Research Budget Changes

The announcement of an increase in funding for basic research in the US is encouraging. There is some discussion of this at the Computing Research Policy blog.

One part of this discussion has a graph of NSF funding over time, presumably in dollar budgets. I don’t believe that dollar budgets are the right way to judge the impact of funding changes on researchers. A better way to judge seems to be in terms of dollar budget divided by GDP which provides a measure of the relative emphasis on research.

This graph was assembled by dividing the NSF budget by the US GDP. For 2005 GDP, I used the current estimate and for 2006 and 2007 assumed an increase by a factor of 1.04 per year. The 2007 number also uses the requested 2007 budget which is certain to change.

This graph makes it clear why researchers were upset: research funding emphasis has fallen for 3 years in a row. The reality has been significantly more severe due to DARPA decreasing funding and industrial research labs (ATnT and Lucent for example) laying off large numbers of researchers about when the governments emphasis on basic research started declining.

It is certainly encouraging to see the emphasis on science growing again.

Introspectionism as a Disease

In the AI-related parts of machine learning, it is often tempting to examine how you do things in order to imagine how a machine should do things. This is introspection, and it can easily go awry. I will call introspection gone awry introspectionism.

Introspectionism is almost unique to AI (and the AI-related parts of machine learning) and it can lead to huge wasted effort in research. It’s easiest to show how introspectionism arises by an example.

Suppose we want to solve the problem of navigating a robot from point A to point B given a camera. Then, the following research action plan might seem natural when you examine your own capabilities:

  1. Build an edge detector for still images.
  2. Build an object recognition system given the edge detector.
  3. Build a system to predict distance and orientation to objects given the object recognition system.
  4. Build a system to plan a path through the scene you construct from {object identification, distance, orientation} predictions.
  5. As you execute the above, constantly repeat the above steps.

Introspectionism begins when you believe this must be the way that it is done.

Introspectionism arguments are really argument by lack of imagination. It is like saying “This is the only way I can imagine doing things, so it must be the way they should be done.” This is a common weak argument style that can be very difficult to detect. It is particularly difficult to detect here because it is easy to confuse capability with reuse. Humans, via experimental tests, can be shown capable of executing each step above, but this does not imply they reuse these computations in the next step.

There are reasonable evolution-based reasons to believe that brains minimize the amount of computation required to accomplish goals. Computation costs energy, and since a human brain might consume 20% of the energy budget, we can be fairly sure that the evolutionary impetus to minimize computation is significant. This suggests telling a different energy-conservative story.

An energy consevative version of the above example might look similar, but with very loose approximations.

  1. The brain might (by default) use a pathetically weak edge detector that is lazily refined into something more effective using time-sequenced images (since edges in moving scenes tend to stand out more).
  2. The puny edge detector might be used to fill a rough “obstacle-or-not” fill map that coarsens dramatically with distance.
  3. Given this, a decision about which direction to go next (rather than a full path) might be made.

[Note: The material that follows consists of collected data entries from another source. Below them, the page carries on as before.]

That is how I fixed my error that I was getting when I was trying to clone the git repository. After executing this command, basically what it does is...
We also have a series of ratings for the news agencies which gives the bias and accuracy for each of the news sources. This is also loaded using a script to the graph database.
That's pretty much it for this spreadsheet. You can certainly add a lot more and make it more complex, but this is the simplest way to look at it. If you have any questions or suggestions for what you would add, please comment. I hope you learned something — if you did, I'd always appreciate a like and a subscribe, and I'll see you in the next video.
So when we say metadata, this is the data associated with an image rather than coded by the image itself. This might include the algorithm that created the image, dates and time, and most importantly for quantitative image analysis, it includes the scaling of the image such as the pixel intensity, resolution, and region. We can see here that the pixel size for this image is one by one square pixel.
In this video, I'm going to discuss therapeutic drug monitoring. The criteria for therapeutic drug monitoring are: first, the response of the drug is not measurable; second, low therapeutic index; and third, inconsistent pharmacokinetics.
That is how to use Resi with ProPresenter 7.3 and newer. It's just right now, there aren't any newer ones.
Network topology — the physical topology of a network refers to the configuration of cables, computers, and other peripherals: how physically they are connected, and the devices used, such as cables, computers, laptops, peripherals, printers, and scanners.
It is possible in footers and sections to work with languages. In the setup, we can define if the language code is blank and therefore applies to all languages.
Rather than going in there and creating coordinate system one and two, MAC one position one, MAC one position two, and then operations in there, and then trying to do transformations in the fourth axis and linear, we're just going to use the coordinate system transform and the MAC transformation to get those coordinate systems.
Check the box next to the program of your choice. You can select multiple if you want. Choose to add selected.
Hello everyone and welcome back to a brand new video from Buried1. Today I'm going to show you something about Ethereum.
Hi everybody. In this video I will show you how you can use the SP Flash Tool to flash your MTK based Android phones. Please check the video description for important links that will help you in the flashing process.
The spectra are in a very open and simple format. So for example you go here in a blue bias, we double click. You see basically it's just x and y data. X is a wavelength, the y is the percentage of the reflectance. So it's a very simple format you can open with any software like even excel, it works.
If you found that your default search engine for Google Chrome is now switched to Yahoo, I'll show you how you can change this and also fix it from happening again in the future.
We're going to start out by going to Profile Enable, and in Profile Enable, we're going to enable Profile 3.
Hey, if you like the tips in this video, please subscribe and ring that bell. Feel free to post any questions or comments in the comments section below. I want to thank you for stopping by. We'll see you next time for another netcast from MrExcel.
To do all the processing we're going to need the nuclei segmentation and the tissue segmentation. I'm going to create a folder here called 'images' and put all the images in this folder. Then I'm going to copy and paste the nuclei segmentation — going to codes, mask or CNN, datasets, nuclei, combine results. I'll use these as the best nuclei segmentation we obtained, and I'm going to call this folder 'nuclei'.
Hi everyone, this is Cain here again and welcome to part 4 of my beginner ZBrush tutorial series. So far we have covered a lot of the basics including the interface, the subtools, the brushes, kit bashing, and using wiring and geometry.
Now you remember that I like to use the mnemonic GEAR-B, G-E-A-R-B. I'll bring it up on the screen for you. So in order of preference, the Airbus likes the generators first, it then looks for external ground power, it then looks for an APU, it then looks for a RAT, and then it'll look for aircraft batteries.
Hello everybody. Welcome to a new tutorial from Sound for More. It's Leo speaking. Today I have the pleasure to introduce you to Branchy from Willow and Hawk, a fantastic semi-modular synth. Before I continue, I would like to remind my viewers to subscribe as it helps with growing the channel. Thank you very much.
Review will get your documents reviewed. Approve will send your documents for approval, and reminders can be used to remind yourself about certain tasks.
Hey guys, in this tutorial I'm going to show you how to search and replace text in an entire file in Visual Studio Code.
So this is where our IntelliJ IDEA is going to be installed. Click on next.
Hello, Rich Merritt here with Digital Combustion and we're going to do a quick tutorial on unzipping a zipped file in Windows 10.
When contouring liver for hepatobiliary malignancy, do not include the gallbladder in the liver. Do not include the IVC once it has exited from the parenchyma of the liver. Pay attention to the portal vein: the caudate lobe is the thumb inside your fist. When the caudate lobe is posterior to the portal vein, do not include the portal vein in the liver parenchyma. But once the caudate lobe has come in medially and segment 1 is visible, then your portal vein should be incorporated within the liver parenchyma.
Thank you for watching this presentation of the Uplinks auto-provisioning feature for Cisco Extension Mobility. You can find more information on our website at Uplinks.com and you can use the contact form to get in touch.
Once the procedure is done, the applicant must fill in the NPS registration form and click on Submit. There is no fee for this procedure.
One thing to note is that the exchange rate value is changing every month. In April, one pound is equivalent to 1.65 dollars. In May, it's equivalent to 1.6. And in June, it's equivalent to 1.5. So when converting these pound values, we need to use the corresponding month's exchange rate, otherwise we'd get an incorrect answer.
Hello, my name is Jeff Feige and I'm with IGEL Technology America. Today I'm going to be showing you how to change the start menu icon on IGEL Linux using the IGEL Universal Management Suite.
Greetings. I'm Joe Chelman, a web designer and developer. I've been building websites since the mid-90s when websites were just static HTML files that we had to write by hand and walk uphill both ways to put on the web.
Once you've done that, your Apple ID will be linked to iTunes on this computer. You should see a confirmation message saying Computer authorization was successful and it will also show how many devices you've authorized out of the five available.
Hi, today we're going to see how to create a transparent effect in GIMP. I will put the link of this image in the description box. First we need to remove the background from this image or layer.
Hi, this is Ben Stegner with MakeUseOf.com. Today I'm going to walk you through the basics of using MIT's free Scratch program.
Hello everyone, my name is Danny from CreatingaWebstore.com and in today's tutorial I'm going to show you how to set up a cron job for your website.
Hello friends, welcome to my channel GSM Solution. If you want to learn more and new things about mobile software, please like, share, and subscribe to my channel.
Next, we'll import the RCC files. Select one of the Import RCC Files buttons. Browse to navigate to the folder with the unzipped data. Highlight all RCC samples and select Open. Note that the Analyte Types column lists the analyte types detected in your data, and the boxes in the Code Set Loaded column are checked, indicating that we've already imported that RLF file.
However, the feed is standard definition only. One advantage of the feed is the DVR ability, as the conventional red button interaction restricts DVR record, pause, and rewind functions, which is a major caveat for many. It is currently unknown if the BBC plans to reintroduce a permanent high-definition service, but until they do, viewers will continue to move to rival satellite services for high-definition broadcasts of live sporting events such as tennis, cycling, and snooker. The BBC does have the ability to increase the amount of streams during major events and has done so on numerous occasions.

This strategy avoids the need to build a good edge detector for still scenes, avoids the need to recognize objects, avoids the need to place them with high precision in a scene, and avoids the need to make a full path plan. All of these avoidances might result in more tractable computation or learning problems. Note that we can’t (and shouldn’t) say that the energy conservative path “must” be right because that would also be introspectionism. However, it does exhibit an alternative showing the failure of imagination in introspectionism on the first approach.

It is reasonable to take introspection derived ideas as suggestions for how to go about building a (learning) system. But if the suggestions don’t work, it’s entirely reasonable to try something else.